What started as a stylistic descriptor evolved into something far more expansive. Today, Wavism reflects what it feels like to create as a woman, to exist as one, to experience emotion without needing to sharpen or justify it. Her paintings, often centred on female forms, resonate not because they explain themselves, but because they do not try to.

“It’s the emotional response,” she says. “Women see themselves in the work. They feel something.”

Letting go of sense

One of the most significant shifts in Katie’s practice came when she allowed herself to stop trying to make her work make sense. This, she admits, remains a challenge.

“What I’ve learned is that my best work happens when I stop thinking about what I should make, or what my audience might want,” she says. “It’s about what I feel connected to.”

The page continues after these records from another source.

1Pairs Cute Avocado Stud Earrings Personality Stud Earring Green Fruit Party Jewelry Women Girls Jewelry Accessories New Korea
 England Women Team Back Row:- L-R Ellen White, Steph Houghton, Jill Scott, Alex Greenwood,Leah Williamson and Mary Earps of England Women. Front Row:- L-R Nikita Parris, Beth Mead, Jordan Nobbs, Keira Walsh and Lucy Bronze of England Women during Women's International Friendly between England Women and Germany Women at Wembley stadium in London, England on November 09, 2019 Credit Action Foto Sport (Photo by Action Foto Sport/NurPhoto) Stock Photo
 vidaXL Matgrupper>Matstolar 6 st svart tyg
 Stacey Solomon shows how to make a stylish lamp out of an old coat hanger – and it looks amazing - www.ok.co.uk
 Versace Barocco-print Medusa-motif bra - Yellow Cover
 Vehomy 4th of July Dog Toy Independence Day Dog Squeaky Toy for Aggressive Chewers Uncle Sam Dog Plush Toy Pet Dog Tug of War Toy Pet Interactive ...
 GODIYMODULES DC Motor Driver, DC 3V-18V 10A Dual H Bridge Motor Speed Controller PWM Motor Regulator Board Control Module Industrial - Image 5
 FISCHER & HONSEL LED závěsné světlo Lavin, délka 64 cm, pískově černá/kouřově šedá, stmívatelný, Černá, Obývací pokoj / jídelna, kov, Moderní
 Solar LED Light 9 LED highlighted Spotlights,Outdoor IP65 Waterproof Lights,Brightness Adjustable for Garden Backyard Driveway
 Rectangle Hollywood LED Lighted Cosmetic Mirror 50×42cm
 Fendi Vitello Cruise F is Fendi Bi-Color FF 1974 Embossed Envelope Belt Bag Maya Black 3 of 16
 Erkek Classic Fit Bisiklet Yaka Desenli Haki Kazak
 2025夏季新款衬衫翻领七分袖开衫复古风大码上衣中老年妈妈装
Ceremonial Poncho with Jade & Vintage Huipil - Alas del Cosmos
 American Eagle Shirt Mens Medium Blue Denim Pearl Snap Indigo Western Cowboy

She recalls creating a painting earlier this year that she was certain no one would respond to. She loved it, but expected it to be overlooked. It became one of her most successful pieces.

The lesson, she says, was simple. Authenticity travels further than calculation.

Photographer: Olivia Bossert

Redefining stability

There remains a persistent myth that art is an unstable or unrealistic career. It is one that kept Katie hesitating for longer than she now wishes it had.

“I don’t want financial instability,” she says plainly. “That doesn’t appeal to me.”

What she discovered, however, is that the modern landscape has shifted. Technology and social media have levelled the field. With the right systems, understanding, and engagement, art can be as viable as any other business.

“People think it’s different,” she says. “But it isn’t. It just requires intention.”

Since committing fully to her work, the most significant change has not been productivity, but spaciousness. With the removal of constant pressure, she has gained capacity for rest, movement, nourishment, and curiosity. The result has been calmer energy and, paradoxically, deeper creativity.

Taking power back

If Katie’s work carries a quiet message, it is one of self-authority. She speaks openly about the opacity of the traditional art world, and the sense that legitimacy must be granted by institutions rather than claimed.

Photographer: Olivia Bossert

“You can do so much independently,” she says. “You don’t have to wait for permission.”

Her hope is that other artists, particularly women, see her journey as evidence that ownership matters. That power does not need to be outsourced to galleries, gatekeepers, or perceived elites. Creating, sharing, and trusting the work can be enough.

“It’s never too late,” she adds. “I only went full-time at thirty. People think everything has to be decided in your twenties. It doesn’t.”

Looking back, looking forward

Asked what she would say to the version of herself still sitting at a corporate desk, Katie smiles.

“I’d tell her she’s in for a crazy ride,” she says. “But that she’s more than capable of handling it. And that it’s going to be fun.”

In a culture obsessed with acceleration and spectacle, Katie McGowan represents a different kind of founder. One who builds steadily. One who listens inwardly. One who understands that confidence does not always announce itself loudly.

Sometimes, it arrives as a quiet decision to trust yourself.